The City of Milwaukee appeals from an order entered by the trial court rescinding a previously entered order for closure and sale under the Drug
House Abatement Law, §§ 823.113
et seq.,
STATS., of an apartment building owned by Brahim Arrieh. The trial court concluded that the closure and sale violated Arrieh's Eighth-Amendment right to be free from "excessive fines." The question presented by this appeal is whether the Excessive Fines Clause prevents the confiscation or destruction of property to abate or remediate a nuisance. We conclude that it does not. We reverse.
I.
Wisconsin's Drug Abatement Law declares to be a nuisance "[a]ny building or structure that is used to facilitate the delivery, distribution or manufacture . . . of a controlled substance . . . and any building or structure where those acts take place." Section 823.113(1), STATS. The law permits a city where the nuisance is located to "maintain an action in the circuit court to abate the nuisance and to perpetually enjoin every person guilty of creating or maintaining the nuisance, the owner, lessee or tenant of the building or structure where the nuisance exists and the owner of the land upon which the building or structure is located, from continuing, maintaining or permitting the nuisance." Section 823.113(2), Stats. If the circuit court finds that "the existence of the nuisance is established ..., an order of abatement shall be entered as part of the judgment in the case." Section 823.114(1), STATS. Under this provision, the order of abatement "shall do all of the following:"
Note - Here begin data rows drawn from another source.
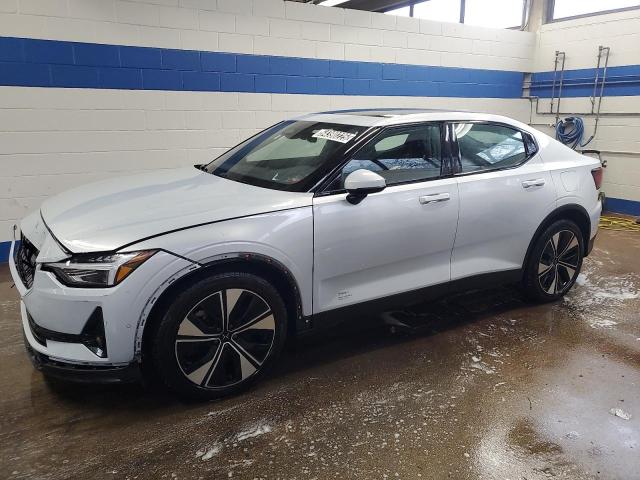 2023 POLESTAR 2, null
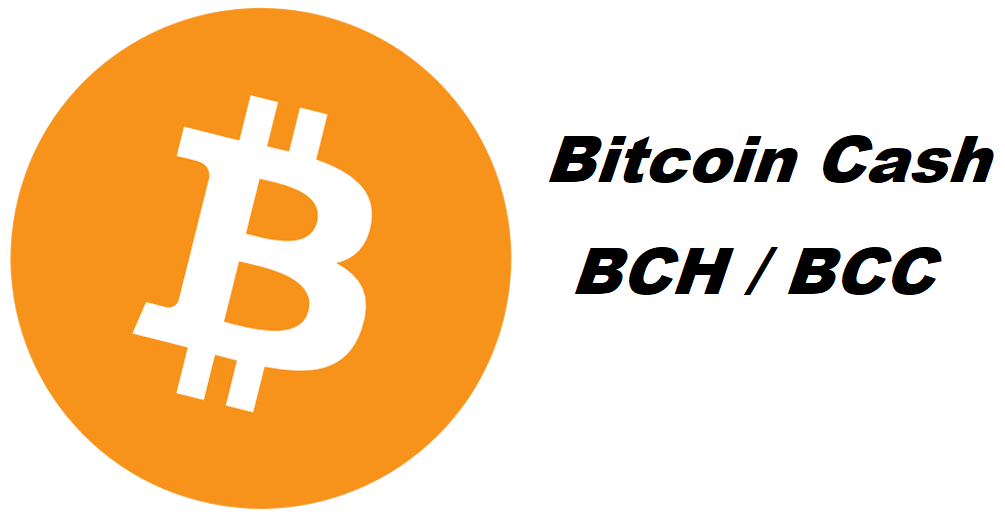 is bcc bitcoin cash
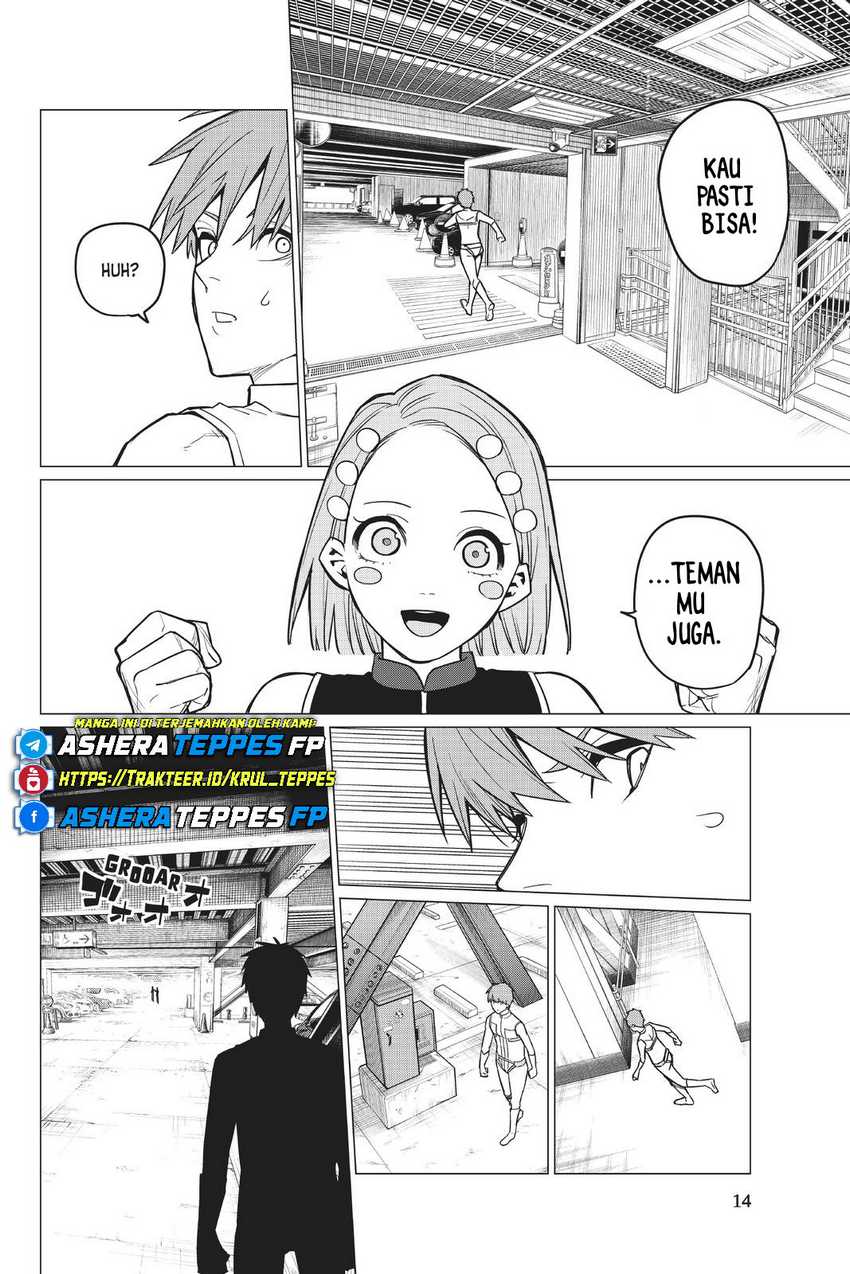 Chapter 24 - halaman 17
(a) Direct the removal from the building or structure of all furniture, equipment and other personal property used in the nuisance.
(b) Order the sale of the personal property.
(c) Order the closure of the building or structure for any purpose.
(d) Order the closure of the building or structure until all building code violations are corrected and a new certificate of occupancy is issued if required by the city, town or village within which the property is located and the building or structure is released under s. 823.15 or sold under s. 823.115.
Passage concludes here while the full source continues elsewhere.